A short frenulum prevents normal speech. The surgery is necessary for a freer movement of the tongue and lips, without which proper articulation cannot be developed. The decision to correct the frenum in this case takes a speech therapist.

Indications for plastic determines the following specialists:

  • orthodontist;
  • neonatologist;
  • speech therapist,
  • Periodontist.

Plasty to correct the upper lip frenum should be performed at an early age. The most optimal age is 7-8 years (after the upper incisors fully erupt). Premature anomalies, such as an overly wide frenum, can lead to serious consequences that can only be corrected with long-term orthodontic treatment.

Does the Procedure Require Special Preparation?

The procedure does not require any special preparation. Immediately before the surgery, it is necessary to perform a thorough oral hygiene. You also need to feed the child – hunger negatively affects blood clotting. Also, a few hours after surgery it will be difficult to eat.

Since plastic frenum of the upper lip is carried out mainly in young children, first of all, psychological preparation is necessary. Parents must reassure the child in the painlessness of the procedure, it will help speed up and simplify the work of the doctor.

Description of the Surgery

The form and duration of the operation to correct the frenulum of the lip directly depends on its type. Surgery using a scalpel or laser lasts about 10 minutes. The child must sit motionless in a chair until the procedure is completed. During the procedure, the dental surgeon makes the necessary incision or resection. Then, the dentist sews the stitches.

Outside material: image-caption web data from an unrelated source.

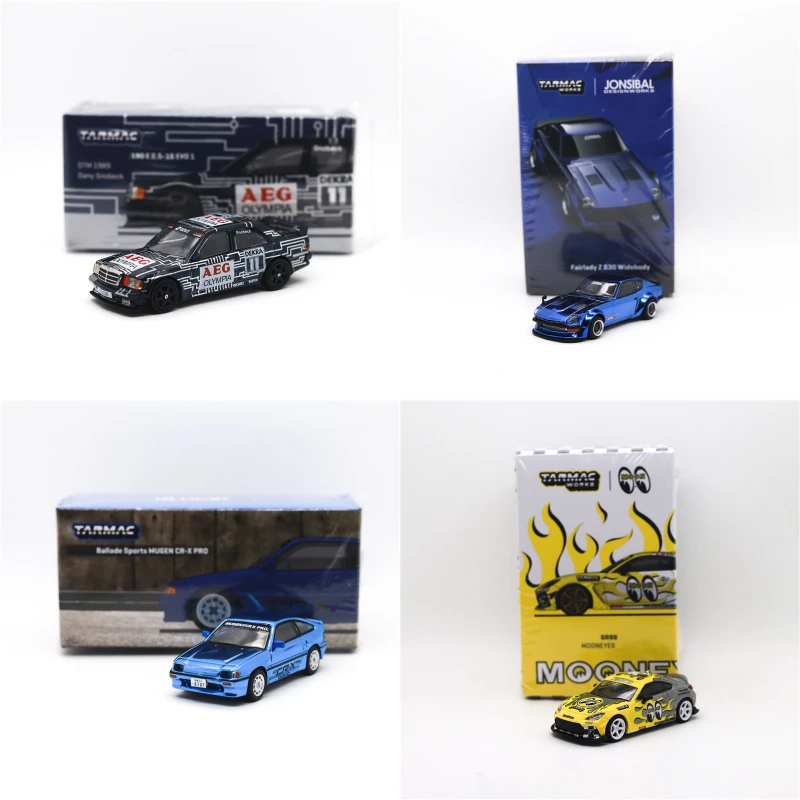 Chase Tarmac Works 1:64 190 E 2.5-16 EVO / Fairlady Z S30 / Ballade Sports / GR86 MOONEYES
Chase Tarmac Works 1:64 190 E 2.5-16 EVO / Fairlady Z S30 / Ballade Sports / GR86 MOONEYES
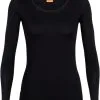 Icebreaker 200 Oasis LS Scoop Top Damer, Grå 1 Icebreaker 200 Oasis LS Scoop Top Damer, Grå -Campingtøj Butik icebreaker 200 oasis ls scoop top women svart 5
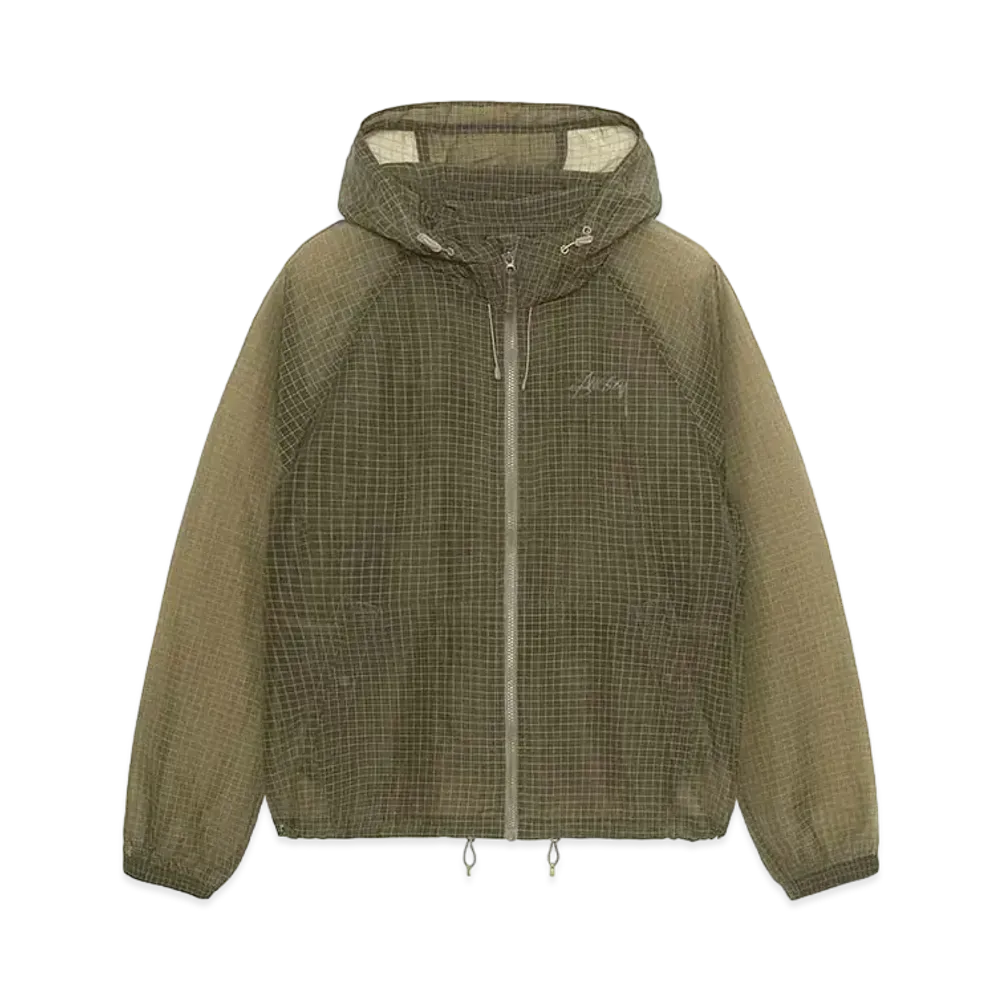 Stussy Beach Shell Transprint Ripstop "Olive" (FA24)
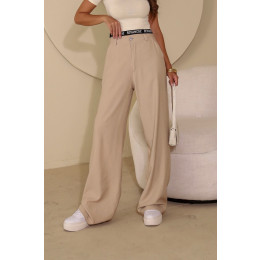 Calça Wide Alfaiataria Bolso Faca Atacado Feminina Revanche Hipona Vinho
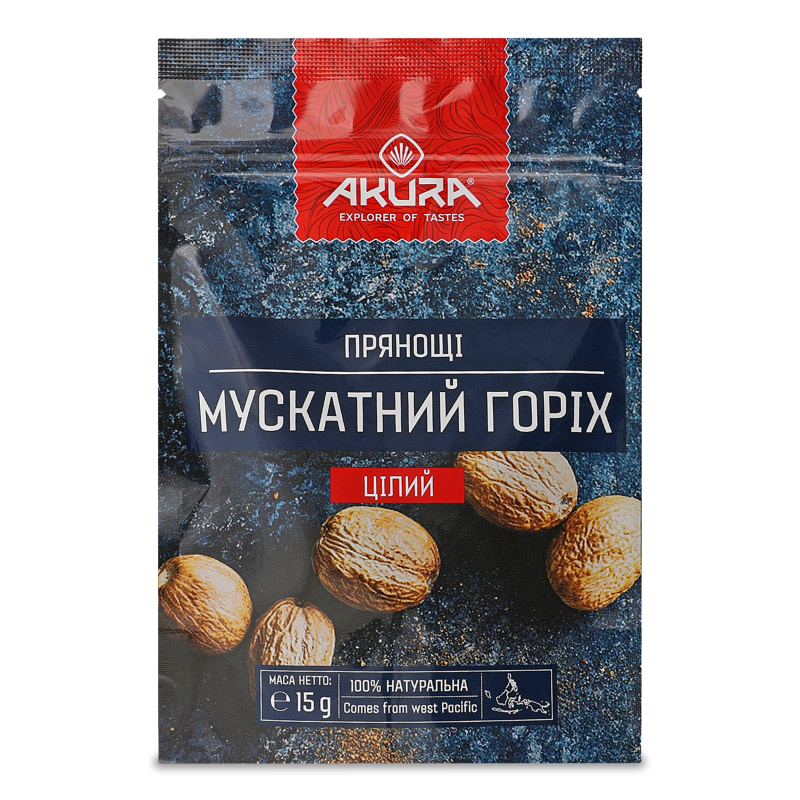 Горіх мускатний цілий 15г Акура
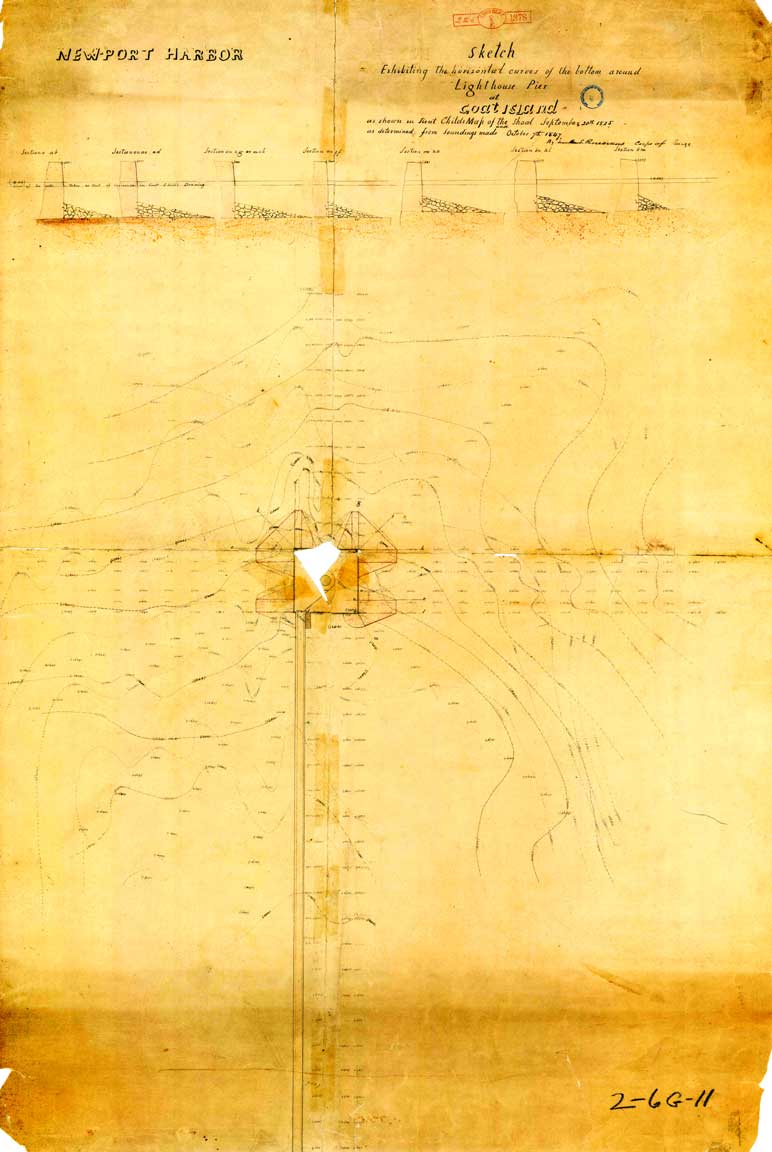  1847 Chart Of Bottom Around Piers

Laser plasty requires no additional antibacterial treatment – the frenulum is sealed, which eliminates the further development of infection. This procedure lasts less than 10 minutes and is completely bloodless.

Before the plastic surgery the mucosal area is anesthetized with a special anesthetic gel.

Within a few hours after surgery, there may be some discomfort. The next few days should observe good hygiene and avoid eating solid and hot foods, so as not to irritate the frenulum. The rehabilitation period is aimed at making the frenum heal faster.